A prototype experiment narrows the search for invisible particles using an ingenious optical trick
Imagine trying to detect something that barely interacts with ordinary matter, emits no light, and pervades the entire galaxy. This is the challenge facing physicists searching for dark matter—the mysterious substance that comprises about 85% of all matter in the universe yet remains stubbornly invisible to our instruments. Despite overwhelming gravitational evidence for its existence, dark matter has never been directly detected in a laboratory.
Now, a collaboration of scientists working on the MADMAX (Magnetized Disc and Mirror Axion eXperiment) project has reported the first results from an innovative prototype designed to hunt for one particular dark matter candidate: dark photons. Using nothing more than three sapphire disks, a mirror, and sensitive electronics, the team has achieved a milestone that demonstrates a powerful new approach to solving one of physics' greatest mysteries.
The Dark Photon Hypothesis
Dark matter reveals itself only through gravity. Galaxies rotate too fast to hold together based on their visible matter alone. Galaxy clusters bend light more than they should. Large-scale structure formation in the universe requires far more mass than we can see. All evidence points to an invisible component that outweighs ordinary matter by more than five to one.
But what is this dark matter made of? One intriguing possibility is the dark photon, also called the hidden photon—a hypothetical particle that emerges from extensions of the Standard Model of particle physics. Just as ordinary photons are the quantum particles of light and electromagnetism, dark photons would be the particles of a separate, hidden electromagnetic field that permeates the universe.

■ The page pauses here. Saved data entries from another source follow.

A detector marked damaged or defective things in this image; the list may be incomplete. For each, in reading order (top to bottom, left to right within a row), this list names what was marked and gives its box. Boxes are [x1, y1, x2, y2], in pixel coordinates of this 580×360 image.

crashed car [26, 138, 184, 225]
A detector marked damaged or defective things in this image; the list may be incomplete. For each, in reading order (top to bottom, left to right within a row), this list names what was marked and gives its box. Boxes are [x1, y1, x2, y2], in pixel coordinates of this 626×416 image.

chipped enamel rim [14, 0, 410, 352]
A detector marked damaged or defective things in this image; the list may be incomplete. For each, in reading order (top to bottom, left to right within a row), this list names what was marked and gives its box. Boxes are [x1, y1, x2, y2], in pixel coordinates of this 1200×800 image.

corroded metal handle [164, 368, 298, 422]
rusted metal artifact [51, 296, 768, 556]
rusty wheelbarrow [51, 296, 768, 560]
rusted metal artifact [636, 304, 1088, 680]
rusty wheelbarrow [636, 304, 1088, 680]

The theory behind dark photons is elegant. If nature possesses an additional gauge symmetry beyond those in the Standard Model—something many theoretical physicists find plausible—and if this symmetry is spontaneously broken, the result would be a massive dark photon. Unlike ordinary photons, which are massless and travel at light speed, dark photons would have a tiny but nonzero mass, allowing them to move slowly enough to clump together gravitationally and form the dark matter halo surrounding our galaxy.
What makes dark photons particularly exciting is their potential connection to cosmic inflation, the period of exponential expansion thought to have occurred fractions of a second after the Big Bang. Dark photons with masses around 100 microelectronvolts (about one ten-billionth the mass of an electron) could have been produced by quantum fluctuations during inflation. If detected at this mass scale, dark photons wouldn't just solve the dark matter mystery—they would provide direct evidence for inflation and pin down the energy scale at which it occurred, offering a rare window into the universe's first moments.

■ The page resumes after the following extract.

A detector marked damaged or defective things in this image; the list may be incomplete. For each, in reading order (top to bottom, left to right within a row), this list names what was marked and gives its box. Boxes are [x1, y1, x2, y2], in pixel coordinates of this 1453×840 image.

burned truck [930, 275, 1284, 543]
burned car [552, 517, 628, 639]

The catch is that dark photons interact extraordinarily weakly with ordinary matter. The interaction strength is controlled by a parameter called the kinetic mixing angle, which describes how dark photon fields mix with ordinary electromagnetic fields. For dark photons to make up dark matter without having been detected already, this mixing must be incredibly tiny—less than one part in ten trillion.
The Detection Challenge
Detecting something that interacts so weakly presents a formidable experimental challenge. Traditional dark matter searches often look for rare collisions between dark matter particles and atomic nuclei in deep underground detectors. But for very lightweight particles like dark photons, a different approach is needed.
Dark photons would fill the galaxy as a vast cloud of quantum waves, oscillating at a frequency determined by their mass through quantum mechanics. The formula connecting mass and frequency is straightforward: a dark photon mass of 80 microelectronvolts corresponds to an oscillation frequency of about 19 gigahertz, in the microwave region of the electromagnetic spectrum. If the kinetic mixing isn't zero, these oscillating dark photon fields would act like a tiny oscillating electric current, generating real electromagnetic waves that could be detected.
The problem is scale. For typical dark photon parameters, a single metallic mirror placed in a dark photon field would emit electromagnetic power measured in attowatts—a billion times smaller than the power of a single photon hitting your eye per second. Detecting such minuscule signals requires both amplifying the emission and reducing noise to extraordinarily low levels.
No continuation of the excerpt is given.